Supplementary Materials

The following supporting information can be downloaded at: https://www.mdpi.com/article/10.3390/plants14172626/s1, Table S1: DNA Fingerprinting Profiles and Molecular IDs for 297 Liriodendron Accessions; Table S2: The Codes and Species attribution of 297 Liriodendron Germplasm Accessions; Table S3: Scoring Table for 34 Morphological Traits; Table S4: Data Collection Sheets for 34 Morphological Traits in 297 Liriodendron Accessions.

Author Contributions

Conceptualization, H.L.; methodology, X.L., H.Y. and Y.C.; software, X.L., and T.Z.; formal analysis, X.L., H.Y. and Y.C.; investigation, X.L., F.Z., X.C., T.Z. and H.Y.; resources, H.L.; original draft preparation, H.Y. and T.Z.; writing—review and editing, H.Y., and H.L.; supervision, H.L. All authors have read and agreed to the published version of the manuscript.
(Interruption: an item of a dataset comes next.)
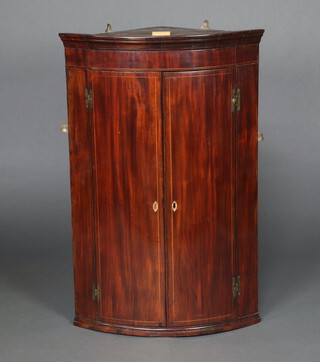 A Georgian inlaid mahogany bow front corner cabinet, shelved interior enclosed by panelled doors 105cm h x 68cm w x 47cm d  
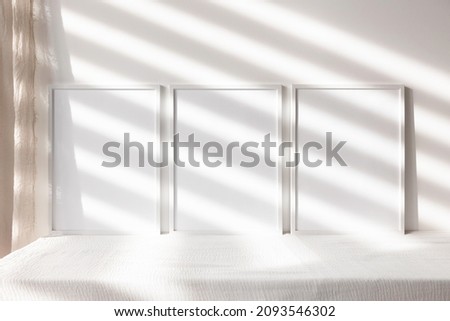 Mockup with three white photo frame 3x4 Royalty-Free Stock Photo #2093546302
Data Availability Statement

The research data supporting the findings of this study will be made available upon reasonable request. The necessary data is supplemented in the Supplementary file.

Conflicts of Interest

The authors declare no conflicts of interest.

Funding Statement

This study was supported by funds from the National Key Research and Development Program (2022YFD2200104) and the Priority Academic Program Development of Jiangsu Higher Education Institutions (PAPD).